◆ **AVAILABLE RECORDS**
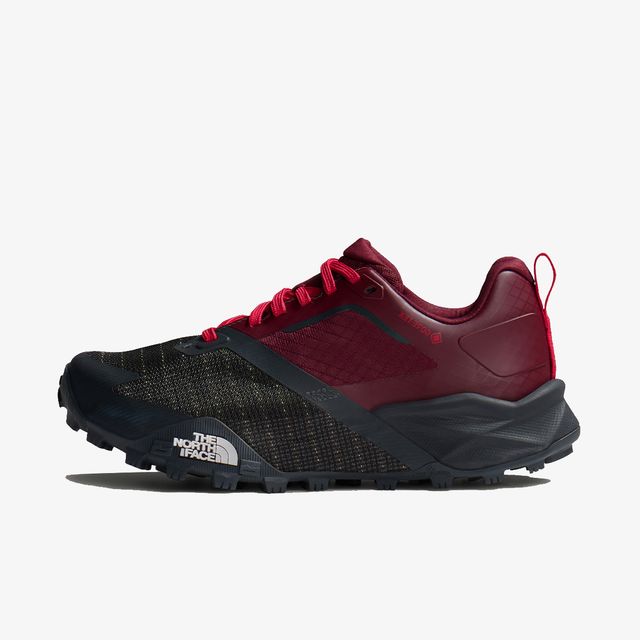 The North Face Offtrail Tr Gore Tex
==
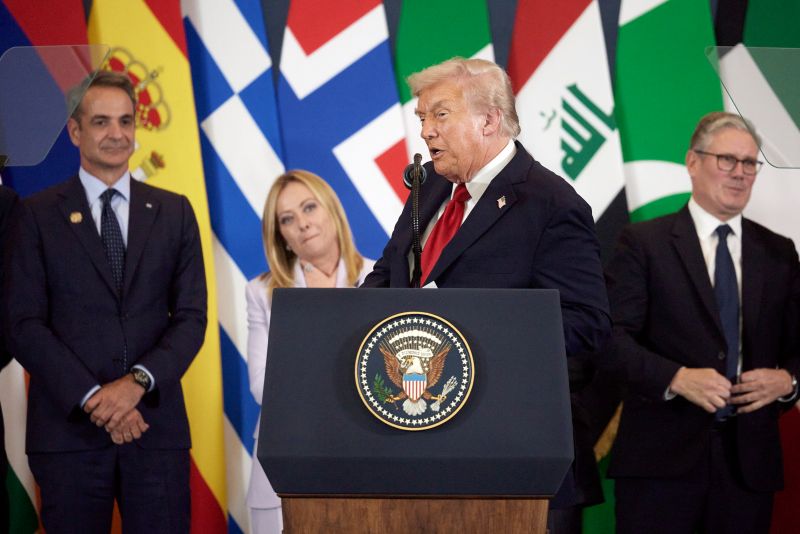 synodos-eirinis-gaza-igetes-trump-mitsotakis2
* * *
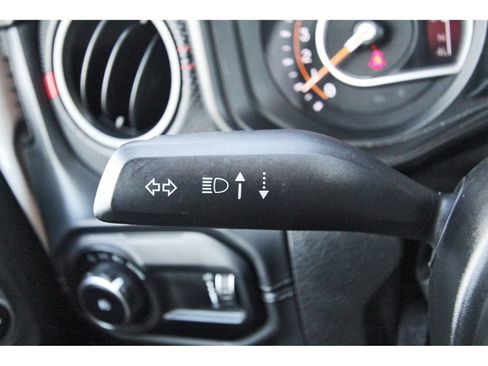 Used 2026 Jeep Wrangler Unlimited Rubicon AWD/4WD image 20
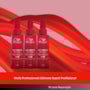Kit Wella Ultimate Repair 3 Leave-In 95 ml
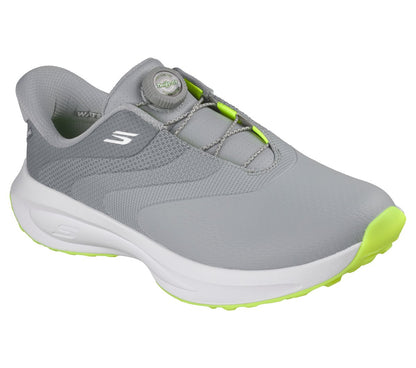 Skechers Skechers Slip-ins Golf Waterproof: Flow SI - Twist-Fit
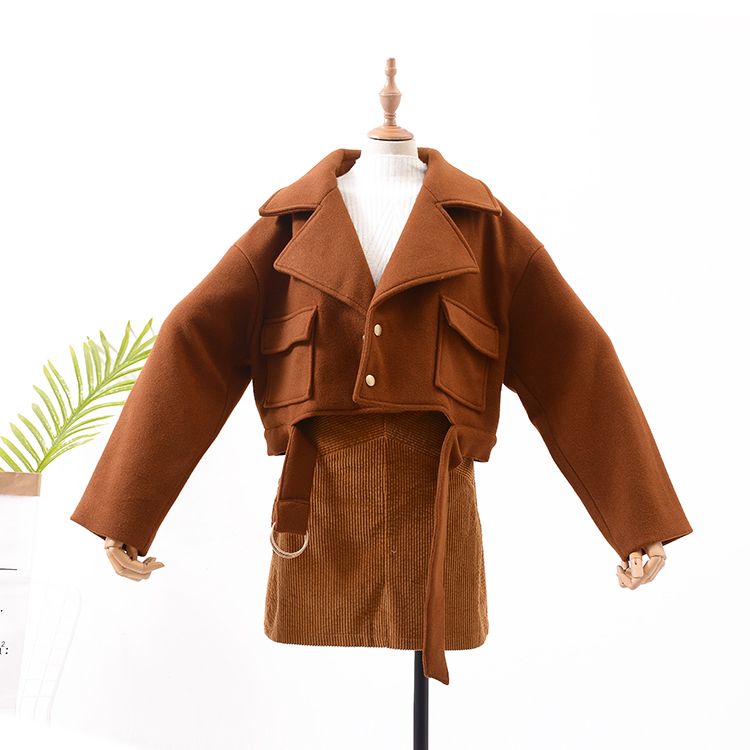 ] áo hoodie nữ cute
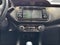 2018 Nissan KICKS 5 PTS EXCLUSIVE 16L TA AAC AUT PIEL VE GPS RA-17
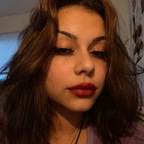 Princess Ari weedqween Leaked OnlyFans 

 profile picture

◆ **WHAT YOU WILL DO**
Taking the records above, print only and exactly the lines from the line with "Skechers Skechers Slip-ins" to the line with "profile picture", both kept, and exclude pictures.

◆ **ANSWER TO THE PROBLEM**
 Skechers Skechers Slip-ins Golf Waterproof: Flow SI - Twist-Fit
 ] áo hoodie nữ cute
 2018 Nissan KICKS 5 PTS EXCLUSIVE 16L TA AAC AUT PIEL VE GPS RA-17
 Princess Ari weedqween Leaked OnlyFans 

 profile picture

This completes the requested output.